Transcribe exactly the lines from the one containing "GE JGBP89DEMWW Dimensions" through the last line of the listing below, inclusive, and nothing beyond them.

*** Dataset entries ***

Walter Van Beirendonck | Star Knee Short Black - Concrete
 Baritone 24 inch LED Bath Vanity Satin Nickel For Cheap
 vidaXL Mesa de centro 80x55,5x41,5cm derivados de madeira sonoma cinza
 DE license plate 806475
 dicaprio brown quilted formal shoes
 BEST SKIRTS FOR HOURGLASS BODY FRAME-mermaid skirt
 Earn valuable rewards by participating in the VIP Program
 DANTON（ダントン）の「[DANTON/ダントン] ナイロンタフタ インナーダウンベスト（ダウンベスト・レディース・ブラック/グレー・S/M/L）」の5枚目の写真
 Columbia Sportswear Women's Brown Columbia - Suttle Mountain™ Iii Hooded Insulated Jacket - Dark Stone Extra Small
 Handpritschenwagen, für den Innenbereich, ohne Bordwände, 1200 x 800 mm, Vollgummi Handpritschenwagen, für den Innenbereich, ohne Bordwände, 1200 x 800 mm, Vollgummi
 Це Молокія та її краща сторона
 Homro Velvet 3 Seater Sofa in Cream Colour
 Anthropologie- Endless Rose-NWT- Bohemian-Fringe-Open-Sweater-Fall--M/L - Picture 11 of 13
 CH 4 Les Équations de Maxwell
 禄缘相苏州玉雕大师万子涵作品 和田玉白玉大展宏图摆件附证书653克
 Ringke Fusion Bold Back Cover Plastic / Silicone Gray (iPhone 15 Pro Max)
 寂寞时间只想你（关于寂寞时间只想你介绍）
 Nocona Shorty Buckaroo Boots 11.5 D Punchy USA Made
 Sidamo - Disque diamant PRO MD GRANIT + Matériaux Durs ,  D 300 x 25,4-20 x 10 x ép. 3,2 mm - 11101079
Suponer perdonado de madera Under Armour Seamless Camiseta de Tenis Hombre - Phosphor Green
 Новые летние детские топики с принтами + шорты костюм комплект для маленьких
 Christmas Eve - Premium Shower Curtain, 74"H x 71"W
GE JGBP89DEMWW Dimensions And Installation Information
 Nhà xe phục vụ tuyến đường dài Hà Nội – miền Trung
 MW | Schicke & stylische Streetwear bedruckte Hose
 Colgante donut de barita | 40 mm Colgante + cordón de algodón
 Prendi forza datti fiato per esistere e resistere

*** End of Dataset entries ***

Finished task »
GE JGBP89DEMWW Dimensions And Installation Information
 Nhà xe phục vụ tuyến đường dài Hà Nội – miền Trung
 MW | Schicke & stylische Streetwear bedruckte Hose
 Colgante donut de barita | 40 mm Colgante + cordón de algodón
 Prendi forza datti fiato per esistere e resistere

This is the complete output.